If the FCF is below 1.0x or even negative, then I consider the dividend is possibly under threat - the company may be able to maintain dividend payments for a short period by extra borrowing but this would not be sustainable in the longer term.

It is also worthwhile checking back over a couple more years to assess the level of FCF cover and to see if the cover is rising or falling - one years figure can be misleading.

A Couple of Examples from my Portfolio

Earlier this year, retailer Next reported its final results - here’s a link via company website. You will find the Cashflow Statement (Unaudited) some ¾ down the report.. Cash generated from operations (before tax) is £766.8m, payments on capital expenditure to acquire PP&E is £102.6m and therefore deducting this from cash generated leaves £664.2m.

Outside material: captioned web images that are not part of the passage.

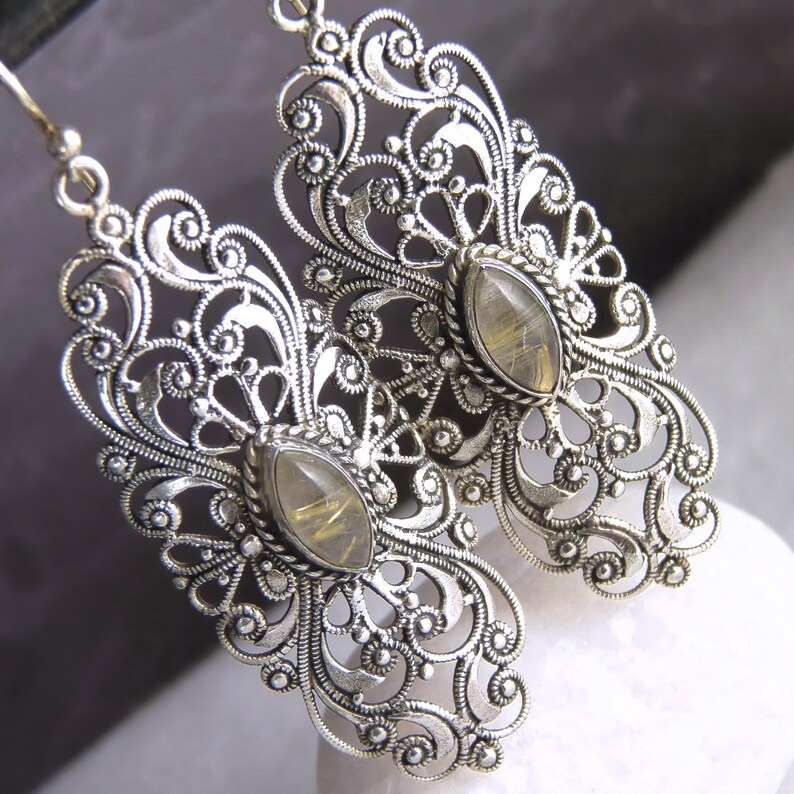 Cast Jali SILVERSARI Earrings Solid 925 Sterling Silver Rutile Quartz YES1229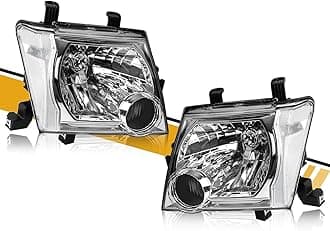 Headlight Assembly Pair Compatible with Nissan Xterra 2005-2015, Factory-OE-Style Halogen Headlamp Replacements for 26010-EA025 26060-EA025, w/o Bulb, Chrome Housing Clear Lens White Corner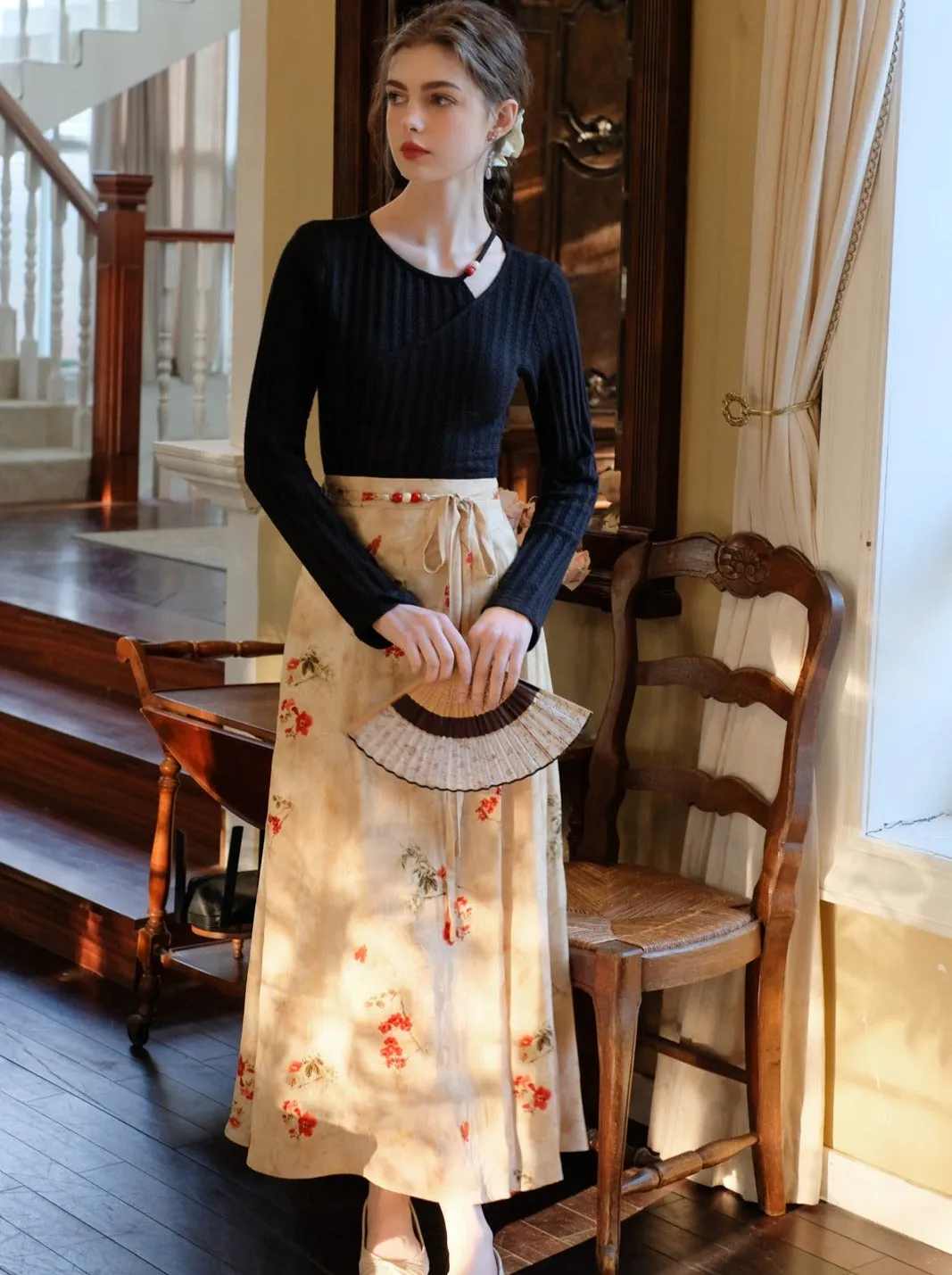 Flower Top Long Asymmetrical Slit Skirt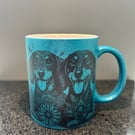 Blue glitter dachshund mug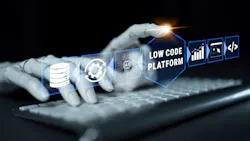 Futuristic Low Code Platform Concept with Human Hand Interacting with Digital Symbols and Technology Elements in a Dark Background Quark. Futuristic Low Code Platform Concept with Human Hand Interacting with Digital Symbols and Technology Elements in a Dark Background Quark.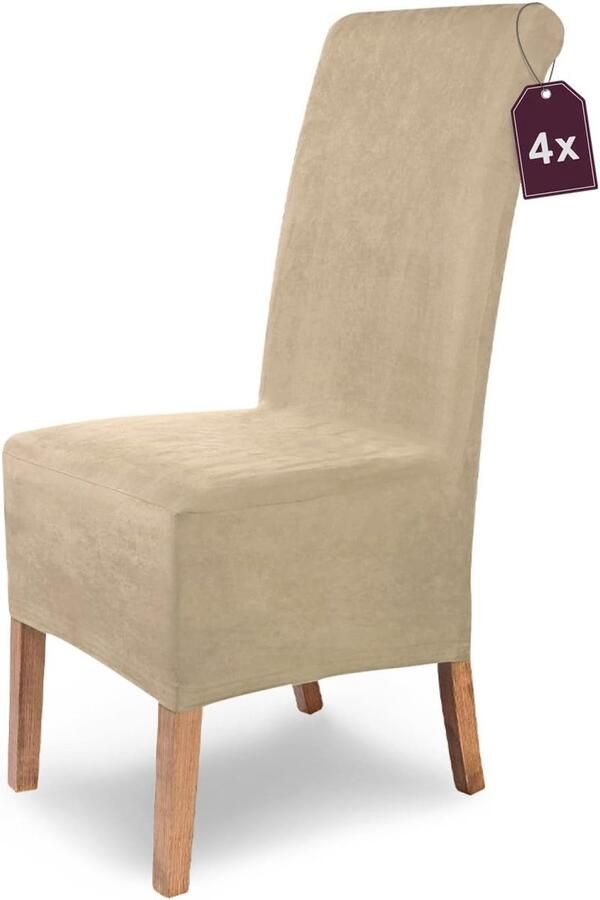 Elastische Suède Stoelhoezen Set van 4 Perfecte Bescherming voor Vrijdragende Stoelen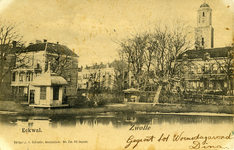 4415 PBKR2567 Gezicht op de Eekwal vanaf de Emmawijk dichtbij de Nieuwe Havenbrug, ca. 1900. In de tuin van het grote ...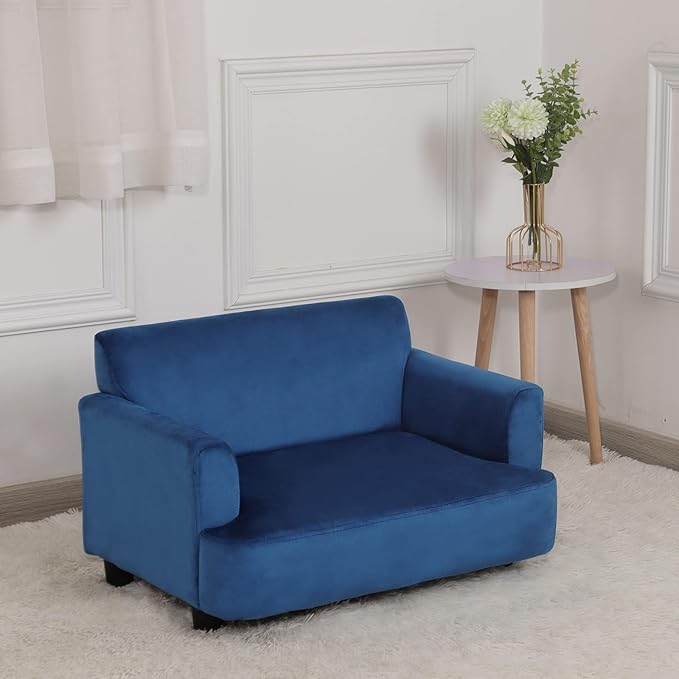 Dog Sofas and Chairs for Small Pet, Pet Sofa Bed with Wooden Frame and Velvet Fabric, Upholstered Dog Bed,Cat Sofa Chair for 45 Pounds Small Animal Using,Blue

The dividends paid is £164.8m. Therefore Free Cashflow Cover is 664.2/164.8 = 4.03x - I would regard this level as very safe.

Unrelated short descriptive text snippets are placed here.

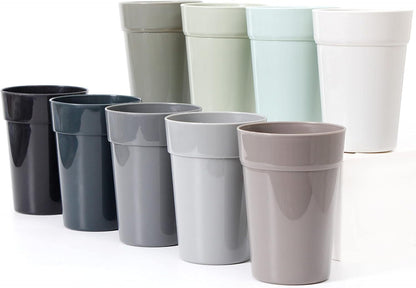 9 x 350ml Reusable Plastic Cups Small Drinking Tumblers Set Kids Kitchen Picnics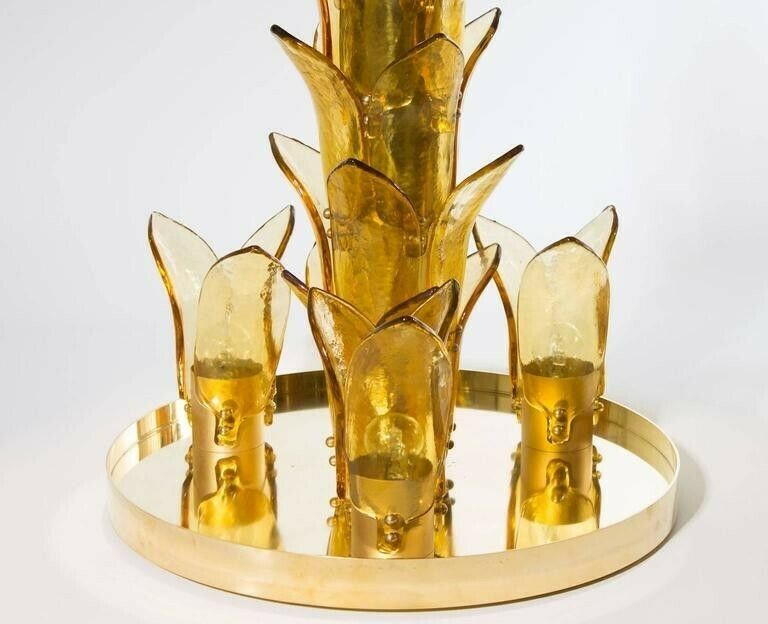 Palm Floor Lamp In Murano Glass Amber And Green Italy Contemporary photo for sale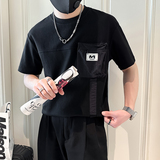 短袖T恤男拼接织带社会小伙店主风男生高级感痞帅B323-DT53-P58，男装T恤，星座301C（原B323）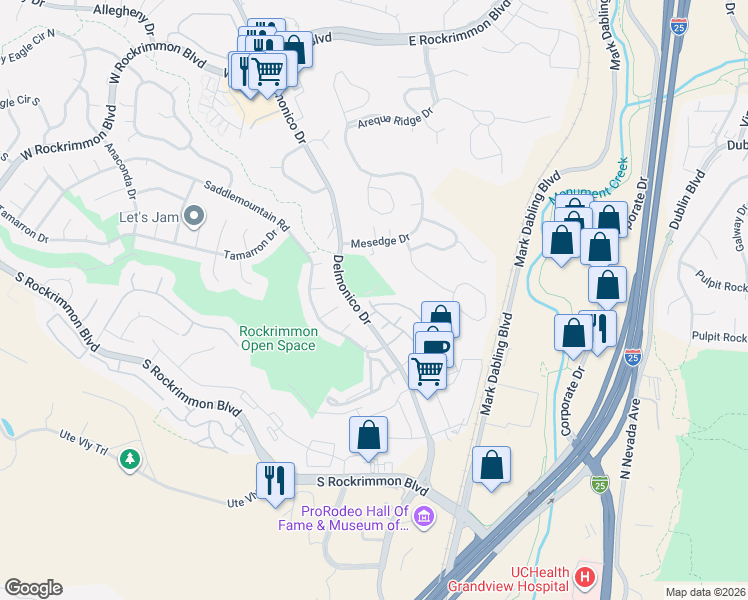 map of restaurants, bars, coffee shops, grocery stores, and more near 6269 Colony Circle in Colorado Springs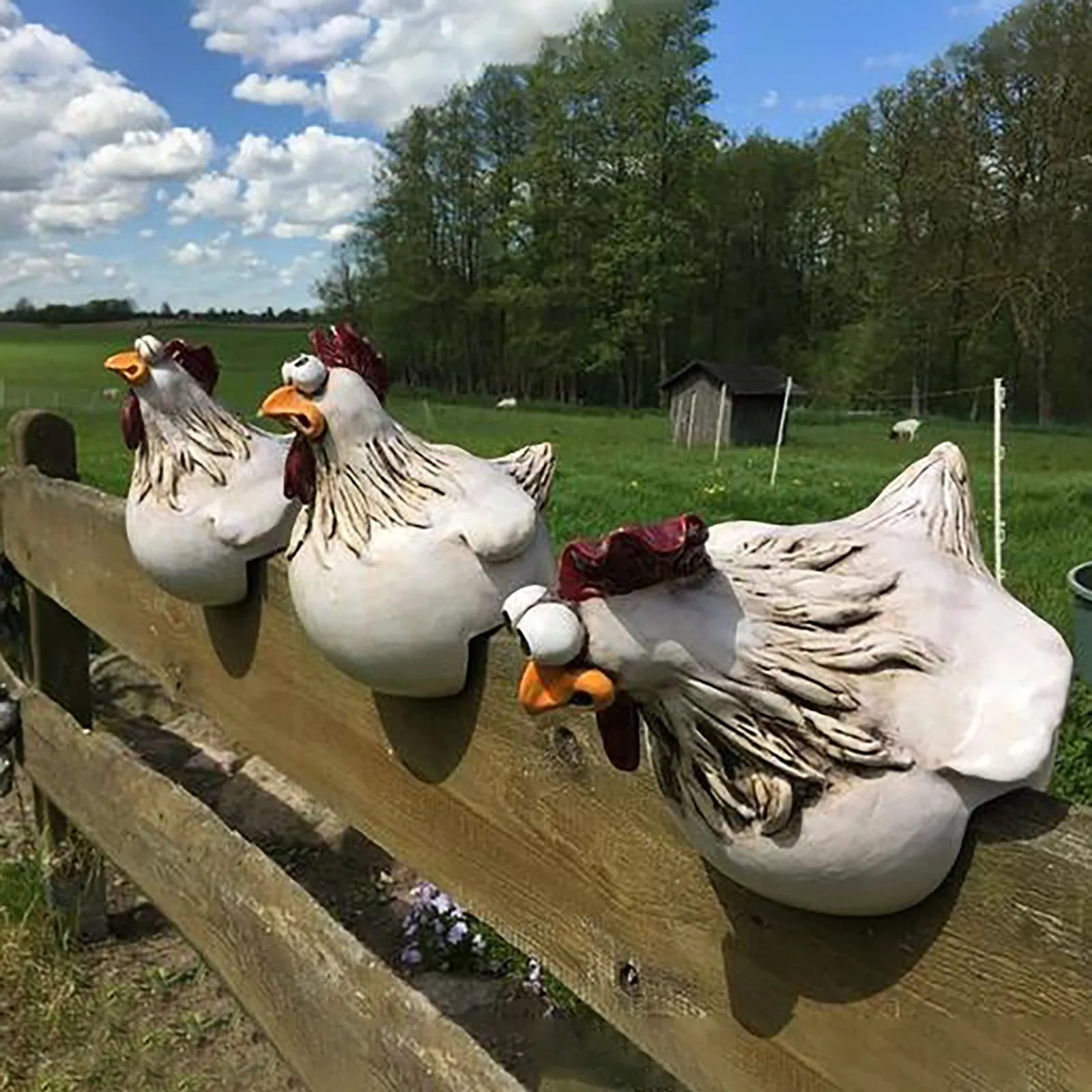 Funny Chicken Fence Decor Stat – обзор и цена Resin Art Sculptures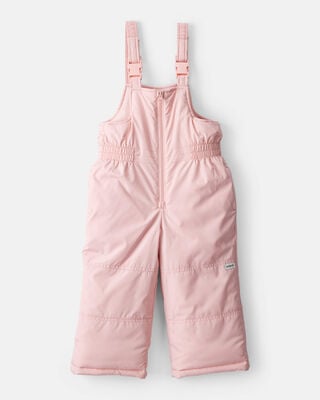 Toddler Girl 2-Piece Color Block Hooded Snowsuit Jacket & Bib Set - Pink/Red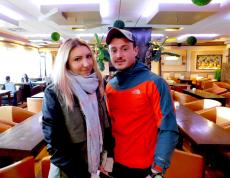 Couple enjoying lunch at Papagalino Cafe & Pastry Shop in Niles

Another of my holdings is media company BSkyB which reported full year results in July - link via Investegate. Cash generated from operations was £1,769m (before tax), payments for capital expenditure on PP&E was £241 so again, deducting this from cash generated leaves a figure of £1,528m.

The dividends paid for the year were £485. Therefore FCF Cover is 1528/485 = 3.15x - slightly less than Next but again, a very comfortable level of cover.

Payout Ratio

Another important factor to consider regarding dividend sustainability is the payout ratio; while high dividends are important, a lower payout ratio - under 50% - tends to be a positive indicator. If a company is paying out nearly all of its earnings in dividends, this may be a sign that the dividend is not sustainable. Also, if the payout ratio is increasing over time, this might indicate that earnings growth is not keeping up with dividend growth, and the dividend is not sustainable. Companies with strong cash flows and low payout ratios have room to grow the dividend, and also tend to exhibit positive price appreciation. The ideal for me is a ratio somewhere between 40% - 65%.

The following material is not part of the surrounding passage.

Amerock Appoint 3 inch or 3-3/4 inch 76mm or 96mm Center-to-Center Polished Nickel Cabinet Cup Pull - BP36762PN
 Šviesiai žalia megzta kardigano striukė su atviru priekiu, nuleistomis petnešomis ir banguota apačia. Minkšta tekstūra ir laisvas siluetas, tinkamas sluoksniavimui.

Shares that offer a more sustainable dividend often fall into so called defensive sectors such as utilities and telecoms (did someone say supermarkets?), as these companies are not as negatively affected by a market downturn. When the economy retreats, as it has in recent years, consumers will limit their discretionary spending, so firms that sell non-essential products should see some decrease in sales. This can make sustaining a dividend particularly difficult for these companies. Firms in areas such as telecoms and utilities sell products and services that consumers have little option but to purchase. As a result it is easier for them to sustain a dividend, and suggests that they will make it through a recession more easily.

Besides finding the right balance between dividend yield and dividend growth, companies with favourable cashflows are therefore the companies that I try to target as core holdings for my equity income portfolio.

Take it easy - enjoy the wonderful autumn colours!